Il passaggio alla inevitabile crisi dei mezzi di comunicazione tradizionale chiude una parentesi e ne apre un’altra che ha per oggetto la carta stampata, il libro e il giornale. Quando non si leggono più gli scritti, si finisce per non pensare davvero. Donde il richiamo “Amare la verità, vivere con professionalità e rispettare la dignità umana: vi auguro di saper assumere questa missione con rinnovato impegno”. Questa la consegna finale di monsignor Nunzio Galantino, segretario generale della Cei, alla Fisc (Federazione cui fanno capo 191 testate diocesane), in apertura della XVIII assemblea nazionale elettiva a Roma.
Il risveglio dei settimanali è avvenuto non solo a livello nazionale ma anche regionale ad Ancona dove collaboratori e direttori si sono riuniti affrontando i temi della comunicazione, delle testate, della vita e della sopravvivenza dei giornali diocesani, cercando di coinvolgere le diocesi e le parrocchie, in attesa della nuova legge sull’editoria. E a livello locale in un incontro a Pesaro, è stato informato il clero sulla gestione e sui problemi del nostro settimanale (relatore Roberto Mazzoli, caporedattore) cui il sottoscritto ha aggiunto una nota conclusiva: Il Nuovo Amico ha le caratteristiche di un giornale ed è strumento della pastorale. Si diffonde nelle chiese per i cristiani praticanti, varca le porte fino al sagrato per i poco praticanti e raggiunge le piazze per i lontani, seguendo lo stile di Papa Francesco della Chiesa in uscita al di là di ogni barriera. Cari confratelli, è giornale doppiamente vostro, come collaboratori e fruitori. Senza di voi non va lontano”. Ciò l’ho ribadito anche in un intervento all’assemblea della Fisc a Roma.
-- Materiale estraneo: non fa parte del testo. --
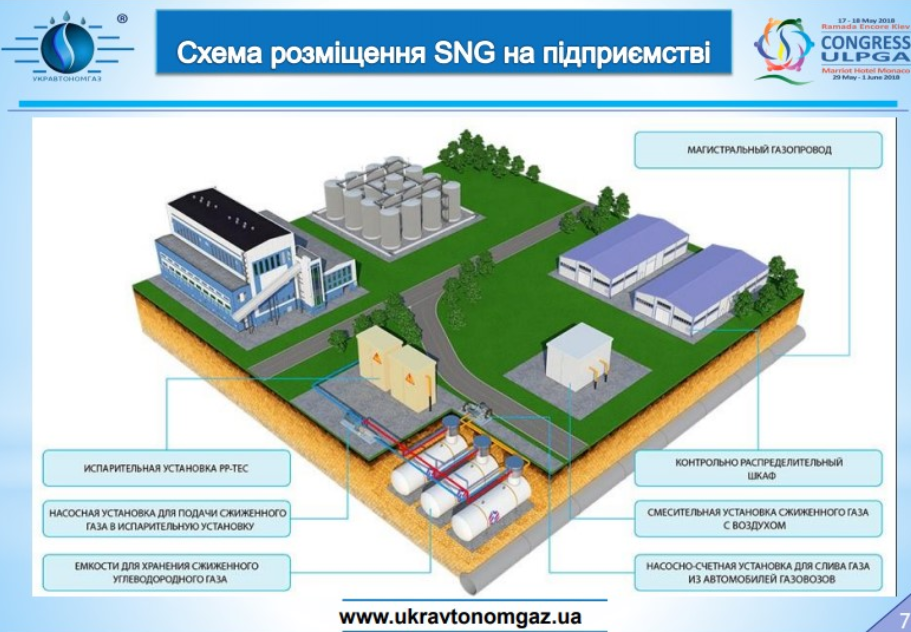 Розміщення SNG на підприємстві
Perché il giornale sia uno strumento pastorale dovrà essere rinnovata la stessa pastorale in un contesto culturalmente nuovo e distante dalla chiesa. Perché possa penetrare si dovrà riprendere l’intuizione di Giovanni Paolo II (1986) riguardo l’inculturazione della fede. S’affaccia qui il problema di un attuale progetto culturale che prenoti l’esigenza del primo annuncio.